In this small project I will try to use a KNN (K-nearest-neighbors) method for Iris Species identification. The iris dataset is a built-in dataset in R that contains measurements on 4 different attributes (in centimeters) for 50 flowers from 3 different species (“setosa”, “versicolor” and “virginica”). There are total 150 data row and they will be split into training and testing dataset. The training dataset will be used to train my model while the testing dataset will be used as a accuracy verification for our model. The goal of this project is to find out which k-value (No. of Nearest Neighbor) is the best in species identification.
library(tidyverse)
library(ggplot2)
library(class)
library(caret)
data(iris)
summary(iris)
## Sepal.Length Sepal.Width Petal.Length Petal.Width
## Min. :4.300 Min. :2.000 Min. :1.000 Min. :0.100
## 1st Qu.:5.100 1st Qu.:2.800 1st Qu.:1.600 1st Qu.:0.300
## Median :5.800 Median :3.000 Median :4.350 Median :1.300
## Mean :5.843 Mean :3.057 Mean :3.758 Mean :1.199
## 3rd Qu.:6.400 3rd Qu.:3.300 3rd Qu.:5.100 3rd Qu.:1.800
## Max. :7.900 Max. :4.400 Max. :6.900 Max. :2.500
## Species
## setosa :50
## versicolor:50
## virginica :50
##
##
##
As each variable consist of different scales, it is better to normalize thd data column first.

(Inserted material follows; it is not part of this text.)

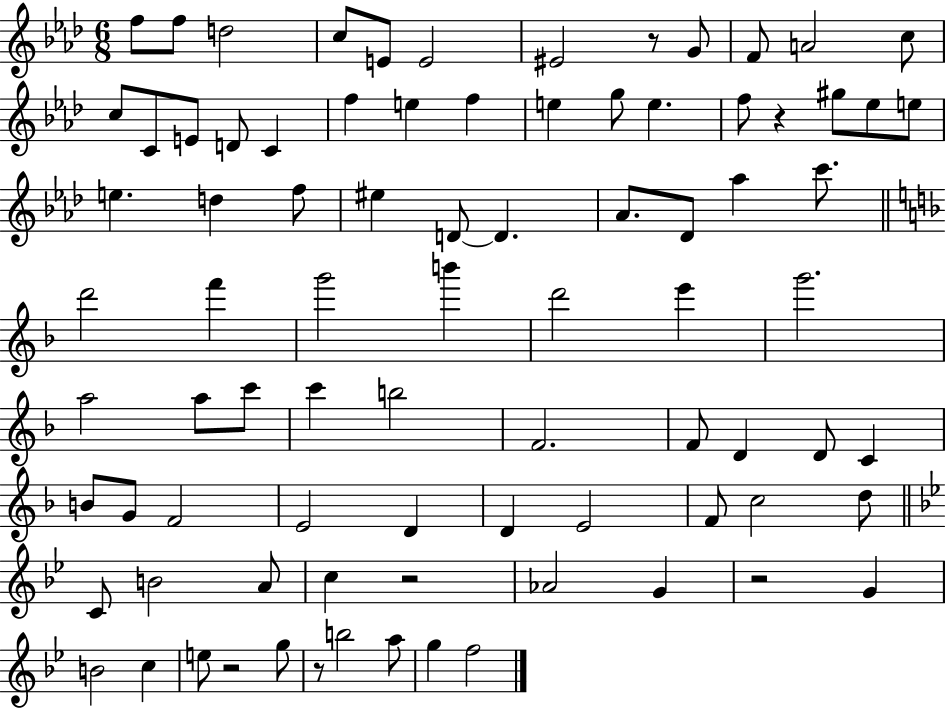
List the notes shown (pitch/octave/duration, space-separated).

F5/e F5/e D5/h C5/e E4/e E4/h EIS4/h R/e G4/e F4/e A4/h C5/e C5/e C4/e E4/e D4/e C4/q F5/q E5/q F5/q E5/q G5/e E5/q. F5/e R/q G#5/e Eb5/e E5/e E5/q. D5/q F5/e EIS5/q D4/e D4/q. Ab4/e. Db4/e Ab5/q C6/e. D6/h F6/q G6/h B6/q D6/h E6/q G6/h. A5/h A5/e C6/e C6/q B5/h F4/h. F4/e D4/q D4/e C4/q B4/e G4/e F4/h E4/h D4/q D4/q E4/h F4/e C5/h D5/e C4/e B4/h A4/e C5/q R/h Ab4/h G4/q R/h G4/q B4/h C5/q E5/e R/h G5/e R/e B5/h A5/e G5/q F5/h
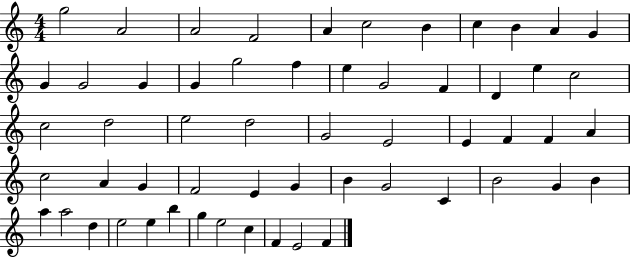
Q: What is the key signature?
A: C major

# define a simple normalization function
normalize=function(x){
return( (x-min(x))/(max(x)-min(x)) )
}
# Loop over the first 4 numeric column
for (i in 1:4){
iris[i]=normalize(iris[i]) }
summary(iris)
## Sepal.Length Sepal.Width Petal.Length Petal.Width
## Min. :0.0000 Min. :0.0000 Min. :0.0000 Min. :0.00000
## 1st Qu.:0.2222 1st Qu.:0.3333 1st Qu.:0.1017 1st Qu.:0.08333
## Median :0.4167 Median :0.4167 Median :0.5678 Median :0.50000
## Mean :0.4287 Mean :0.4406 Mean :0.4675 Mean :0.45806
## 3rd Qu.:0.5833 3rd Qu.:0.5417 3rd Qu.:0.6949 3rd Qu.:0.70833
## Max. :1.0000 Max. :1.0000 Max. :1.0000 Max. :1.00000
## Species
## setosa :50
## versicolor:50
## virginica :50
##
##
##
Now they are normalized into same scale (0-1) for further work.
set.seed(111)
iris_train_no=sample(1:nrow(iris),nrow(iris)*0.7,replace=FALSE)

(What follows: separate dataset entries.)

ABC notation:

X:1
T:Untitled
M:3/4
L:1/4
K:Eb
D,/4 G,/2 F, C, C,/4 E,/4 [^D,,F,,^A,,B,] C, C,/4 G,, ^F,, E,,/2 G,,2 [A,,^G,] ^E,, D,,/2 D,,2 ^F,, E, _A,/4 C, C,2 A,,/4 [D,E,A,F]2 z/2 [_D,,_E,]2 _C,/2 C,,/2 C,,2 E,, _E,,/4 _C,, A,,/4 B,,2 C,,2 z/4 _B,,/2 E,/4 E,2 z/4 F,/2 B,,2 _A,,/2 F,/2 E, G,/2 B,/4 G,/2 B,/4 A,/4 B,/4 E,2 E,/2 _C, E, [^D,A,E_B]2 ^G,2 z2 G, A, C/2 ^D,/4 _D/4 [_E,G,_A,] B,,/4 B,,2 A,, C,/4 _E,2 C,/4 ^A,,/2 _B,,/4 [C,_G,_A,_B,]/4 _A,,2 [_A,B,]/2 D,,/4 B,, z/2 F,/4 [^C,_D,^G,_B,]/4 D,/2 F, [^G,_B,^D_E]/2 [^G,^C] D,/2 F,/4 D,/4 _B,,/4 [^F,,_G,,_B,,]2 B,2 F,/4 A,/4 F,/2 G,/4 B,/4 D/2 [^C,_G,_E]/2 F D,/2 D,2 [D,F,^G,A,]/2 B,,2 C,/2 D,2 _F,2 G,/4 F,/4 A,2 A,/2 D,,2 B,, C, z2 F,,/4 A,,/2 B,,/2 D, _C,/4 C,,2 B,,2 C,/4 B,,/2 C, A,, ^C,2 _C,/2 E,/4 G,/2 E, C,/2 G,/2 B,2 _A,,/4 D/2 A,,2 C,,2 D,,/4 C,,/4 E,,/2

iris_train_data=iris[iris_train_no,]
iris_test_data=iris[-iris_train_no,]
# Here I randomly select 3 as nearest neighbor number for a testing.
set.seed(111)
knn3=knn(iris_train_data[1:4],iris_test_data[1:4],cl=as.factor(iris_train_data$Species),k=3)
# Them make a confusion matrix
knn3_cm=confusionMatrix(knn3,iris_test_data$Species)
knn3_cm$overall[1]
## Accuracy
## 0.9333333
When we set the nearest neighbor (k) =3, it has an accuracy of 93.3%. What if we set the k for other values (e.g. 1-50)? Will the result be improved or changed if we use a higher k value?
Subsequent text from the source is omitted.